My solution: Define $\gamma$ by $\gamma(n\cdot\cos(\pi/2\cdot k))=n$ for $k=1,2,3,\ldots$. Doesn't this work? It seems like there are so many trivial ways to answer this problem correctly or am I missing something?

$\color{red}{\text{Edit: Concerning the book's solution:}}$ Suppose $\gamma(x)=5$. Then solutions are $$p_5^k=11^k=\underbrace{11,121,\ldots}_{\text{infinitely many}},$$ where there are evidently infinitely many solutions. Is my understanding correct?

• There are, indeed, many simple answers. But yours isn't clear. What's wanted is a single function $\gamma(x)$. I don't know whether you are defining a single function, or infinitely many functions, one for each $k$. – Gerry Myerson Mar 8 '15 at 11:31
• @GerryMyerson Is the book's clearer? – riddler Mar 8 '15 at 11:34
• To me, yes, it is. – Gerry Myerson Mar 8 '15 at 11:39
• In response to your edit: yes, your understanding certainly appears to be correct. – G. H. Faust Mar 9 '15 at 9:01

The books solution is very nice. Yours doesn't work, because $\cos(\frac{\pi}{2} \cdot k)$ will only produce a few different values as $k$ varies. So even though you've constructed a different equation that has infinite solutions (all the $k$s), the solutions to the new equation don't all produce distinct solutions to the original equation.

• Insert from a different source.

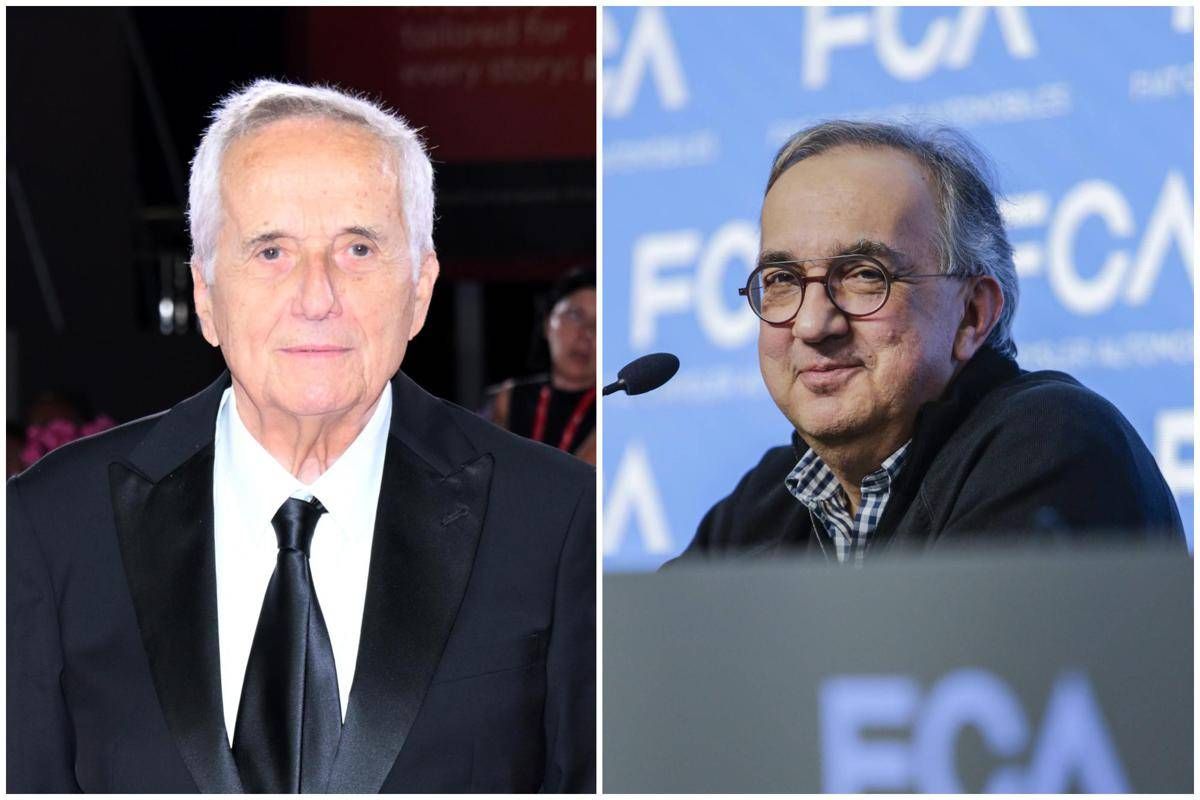 Bellocchio dirigerà un film su Sergio Marchionne: "La storia di un 'vincitore tragico'" -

Here's how I would do it, in the style of the book's solution to your other question.

$\gamma(0) = 0,$

$\gamma(1) = 0, \gamma(2) = 1,$

$\gamma(3) = 0, \gamma(4) = 1, \gamma(5) = 2,$

$\gamma(6) = 0, \gamma(7) = 1, \gamma(8) = 2, \gamma(9) = 3,$

And so on.

• Or what would be the formula for $\gamma(k)=n$ in this case? Or is that a more difficult question? – riddler Mar 8 '15 at 12:04
• Not strictly. Before, the bound was just giving you a way to compute the value of the function. But it is related, in that a number of the form $\frac{n(n-1)}{2}$ will always be zero. It's still not a nice formula, but I think another way to express $\gamma(k)$ would be: $k - \frac{a(a-1)}{2}$, where $a$ is picked as large as possible without making the function negative. – G. H. Faust Mar 8 '15 at 12:08
• Thanks for your help. I'll digest this more thoroughly once I get some much needed sleep. I understand the book's solution now. Good to have other viewpoints though. Thanks! – riddler Mar 8 '15 at 12:16

$\newcommand{\N}[0]{\mathbb{N}}$The general recipe is to write $\N$ as the union of infinitely many infinite disjoint subsets $A_{n}$, for $n \in \N$, and then define $\gamma(x) = n$ for $x \in A_{n}$, that is, $A_{n} = \gamma^{-1}(\{ n \})$.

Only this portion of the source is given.